(Data listing)
——————————

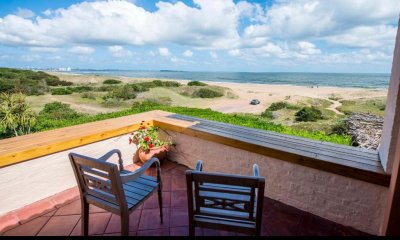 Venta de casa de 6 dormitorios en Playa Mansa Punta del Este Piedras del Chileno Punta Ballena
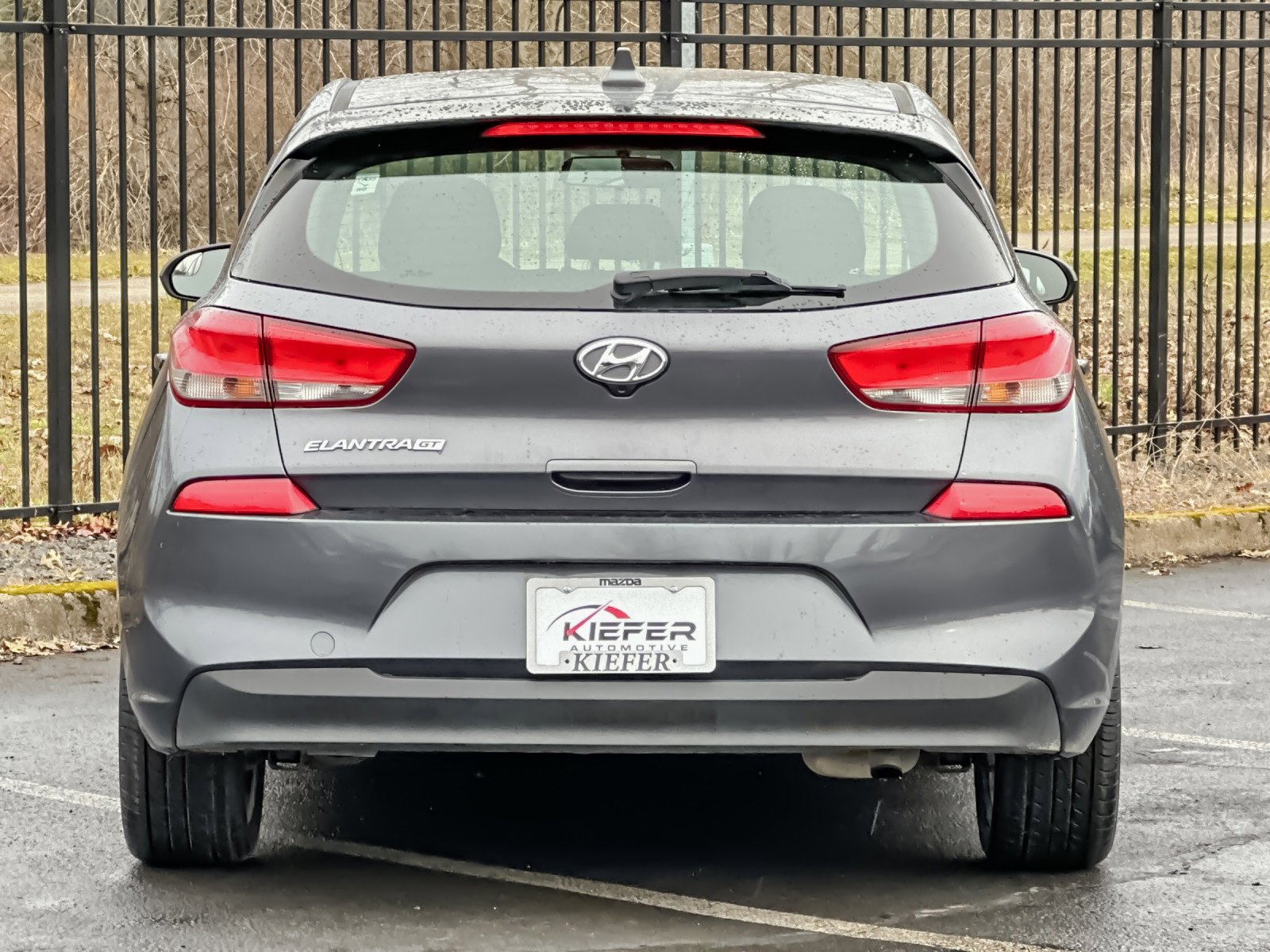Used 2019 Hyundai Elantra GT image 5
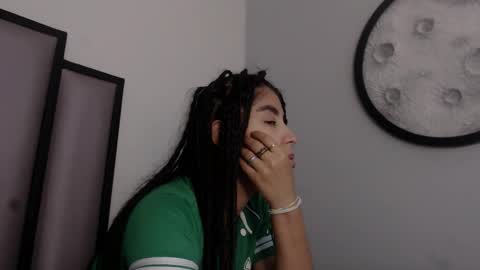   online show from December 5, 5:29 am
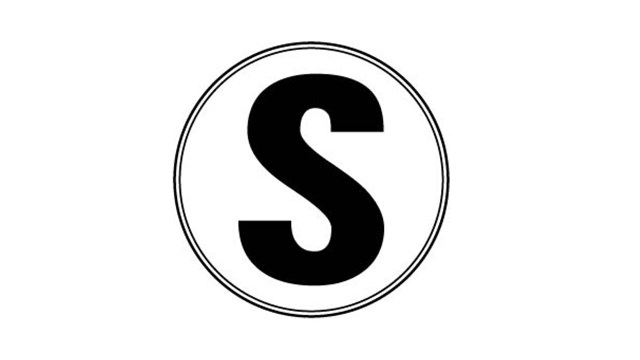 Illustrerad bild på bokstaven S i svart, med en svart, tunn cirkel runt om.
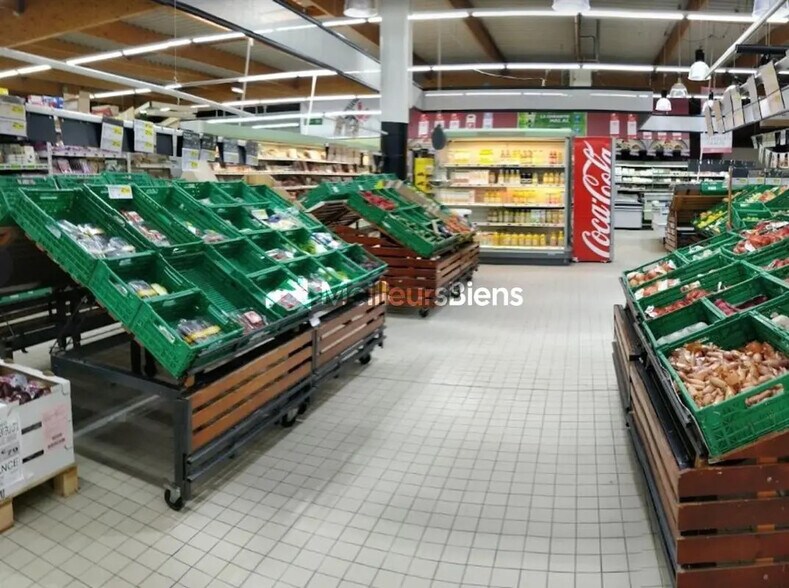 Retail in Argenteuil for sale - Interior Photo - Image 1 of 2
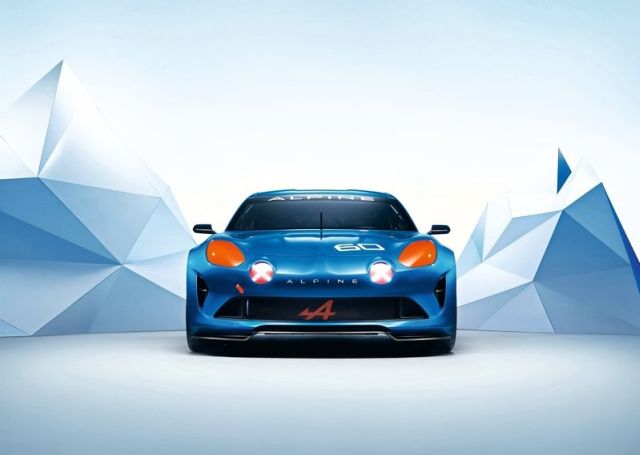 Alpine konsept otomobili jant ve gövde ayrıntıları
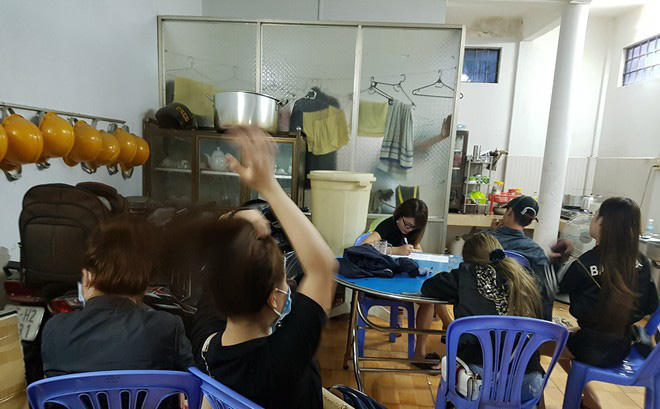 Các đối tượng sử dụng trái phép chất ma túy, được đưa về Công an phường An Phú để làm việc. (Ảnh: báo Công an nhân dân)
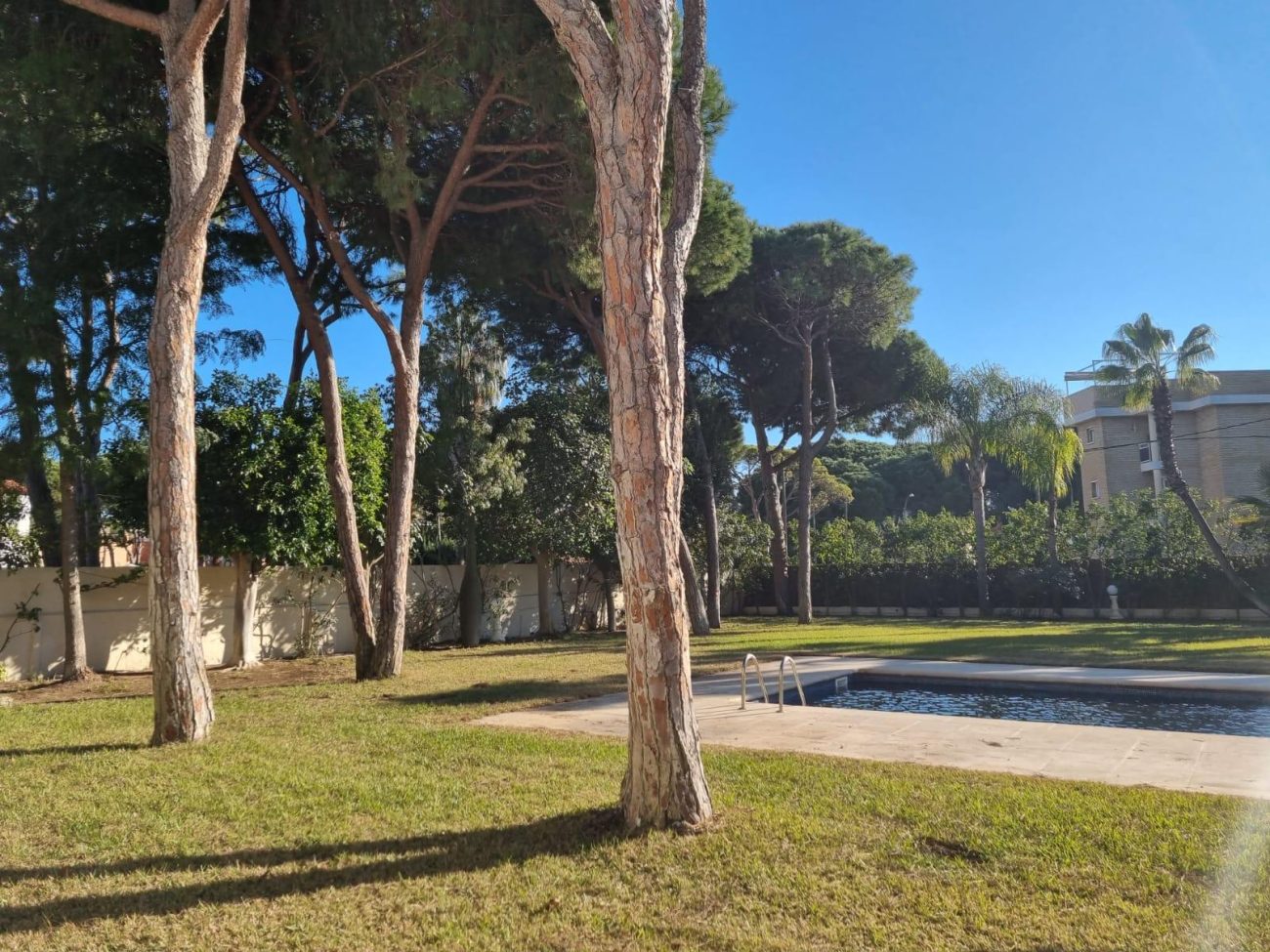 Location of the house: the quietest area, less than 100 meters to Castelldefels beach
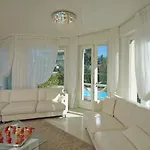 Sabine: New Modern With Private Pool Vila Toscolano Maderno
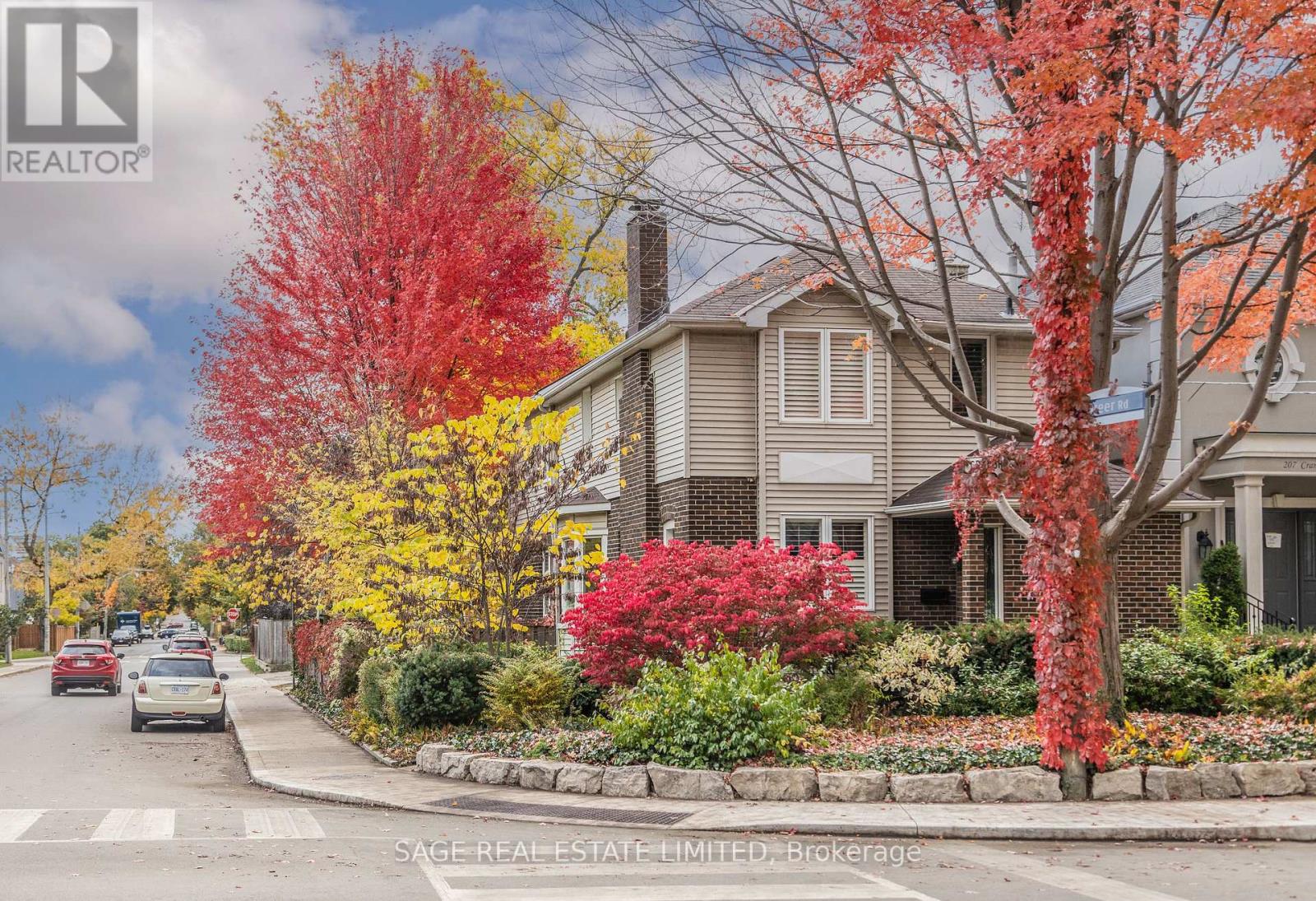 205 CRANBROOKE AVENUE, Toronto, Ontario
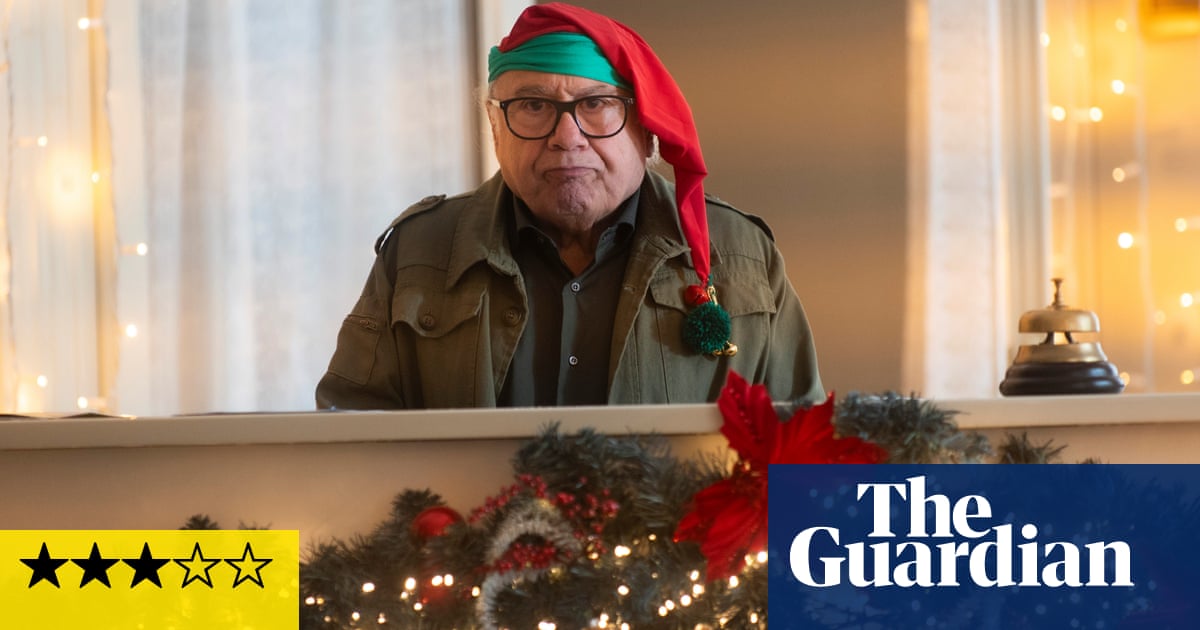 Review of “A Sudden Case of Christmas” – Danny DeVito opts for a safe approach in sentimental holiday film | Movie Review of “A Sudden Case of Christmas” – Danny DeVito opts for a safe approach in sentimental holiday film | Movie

——————————

(Requirement) Transcribe the data completely. No pictures should appear in the transcription.

(Exercise answer)
 Venta de casa de 6 dormitorios en Playa Mansa Punta del Este Piedras del Chileno Punta Ballena
Used 2019 Hyundai Elantra GT image 5
   online show from December 5, 5:29 am
 Illustrerad bild på bokstaven S i svart, med en svart, tunn cirkel runt om.
 Retail in Argenteuil for sale - Interior Photo - Image 1 of 2
 Alpine konsept otomobili jant ve gövde ayrıntıları
 Các đối tượng sử dụng trái phép chất ma túy, được đưa về Công an phường An Phú để làm việc. (Ảnh: báo Công an nhân dân)
 Location of the house: the quietest area, less than 100 meters to Castelldefels beach
 Sabine: New Modern With Private Pool Vila Toscolano Maderno
 205 CRANBROOKE AVENUE, Toronto, Ontario
 Review of “A Sudden Case of Christmas” – Danny DeVito opts for a safe approach in sentimental holiday film | Movie Review of “A Sudden Case of Christmas” – Danny DeVito opts for a safe approach in sentimental holiday film | Movie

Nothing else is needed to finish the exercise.